Fitzpatrick is considered to be a social historian, writing revisionist ‘history from below’. In other words, she focused on the historical narrative as viewed by ordinary people, the marginalised, oppressed, poor, or disenfranchised, as opposed to the leaders. Soviet history and social identity under the leadership of Lenin and Stalin has been her field of expertise.

She has had an impressive career. Born in Melbourne in 1941, she completed a BA in Soviet music (she played violin for the Australian Youth Orchestra, 1957-59) and history from the University of Melbourne in 1961 followed by a PhD from Oxford in 1969 on Soviet education. From 1969 -1972 Fitzgerald was a Research Fellow at the London School of Slavonic and East European Studies.

Over the next 40 years, she lived, taught, lectured and carried out research in universities in Birmingham, New York, Chicago and Texas as well as spending some time in Moscow. She moved back to Australia in 2012 where her research has focused on displaced persons after WWII.

In light of current events in the Ukraine, the arrival of this ARC at work a couple of weeks ago, was very timely. Trying to untangle the various states within Tsarist Russia and then again during the time of the revolution and into the creation of the USSR is not easy. Loyalties were divided, not necessarily along racial or ethnic grounds either. Rural peasants did not feel that the Bolsheviks understood them or their needs and during the Civil War, the Ukrainian peasant army led by Nestor Makhno, was one such group, where they fought against both the Bolsheviks and the Whites.

The famine during Stalin’s first Five Year Plan that included collectivisation, devastated rural areas, including the Ukraine. According to Fitzpatrick, “the present day Ukranian government claims this famine, known in Ukraine as ‘Holodomor’, was the result of a conscious plan on Stalin’s part to kill Ukrainians.

During WWII the Germans found many collaborators in places like the Ukraine, Belorussia and southern Russia.

This is all to say, that despite many Soviet leaders trying to tell us all otherwise, the Soviet Union and Russia both before and after, has never been a unified whole.

The Shortest History of the Soviet Union is probably more focused on the leaders of the Soviet Union and the various main dot points in history along than way, than is usual for Fitzgerald, but embedded in everything she reports is her consciousness of the social history surrounding these events or the impact they had on everyday citizens.

Her conclusion brings the reader up to date on what happened in Russia after the dissolution of the Soviet Union in 1991 to the rise of Putin.

This is a bite-sized taste of Soviet history. It’s fascinating, enlightening and bursting with tangents, or jumping off point, that I would love to go off and explore when I have more time. The Further Reading section at the back is a tantalising smörgåsbord of possibilities.

Highly recommended for anyone wanting to dip their toes into Soviet history.

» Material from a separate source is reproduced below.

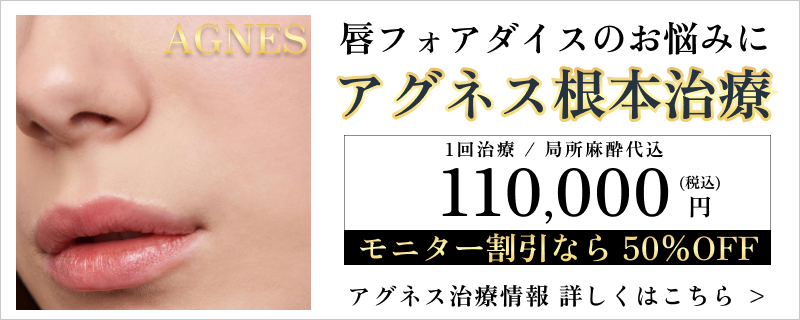 フォアダイスのアグネス治療の相談はこちら　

Black Inc. according it’s About page was founded in 2000, as “an independent Australian publisher of quality non-fiction, fiction and poetry, based in Melbourne.”

#ReadIndies2022 with Kaggsy and Lizzy

Favourite Quote:

It is a truth universally acknowledged in the West that a Sovit Politburo in possession of power must be in want of a leader.

Title: The Shortest History of the Soviet Union
Author: Sheila Fitzpatrick
ISBN: 9781760643072
Imprint: Black Inc.
Published: 1st March 2022
Format: Paperback
Pages: 248
  • This post was written on the traditional land of the Wangal clan, one of the 29 clans of the Eora Nation within the Sydney basin.

15 thoughts on “The Shortest History of the Soviet Union | Sheila Fitzpatrick | AWWhistory

    1. Certainly with everything happening in Europe right now, it was handy to have a quick overview to catch me up on some of the politics of the area. Although I will probably have to read more about Putin to really understand his motivations and intent.

      Liked by 1 person

    1. The effects on the people as recorded by anthrolpologists during perestroika and glastnost were interesting, as they learnt more about what had really happened, a sense of powerlessness and a focus on their suffering and the Russian soul took place. They desired to be a ‘normal country’ although they did not know what they meant by that.
      Before long beggars and homeless people appeared in the cities thanks to inflation and non-payment of salaries and by 2002 Russia had the highest per capita suicide rate in the world….It’s a time I wnat to read more about now.

      Liked by 1 person

  1. I don’t remember any history from school after the feudal period in England, and I’m not sure I retain much of that. Lisa, rather optimistically, sent me a big Russian book, but it keeps getting other books in front of it.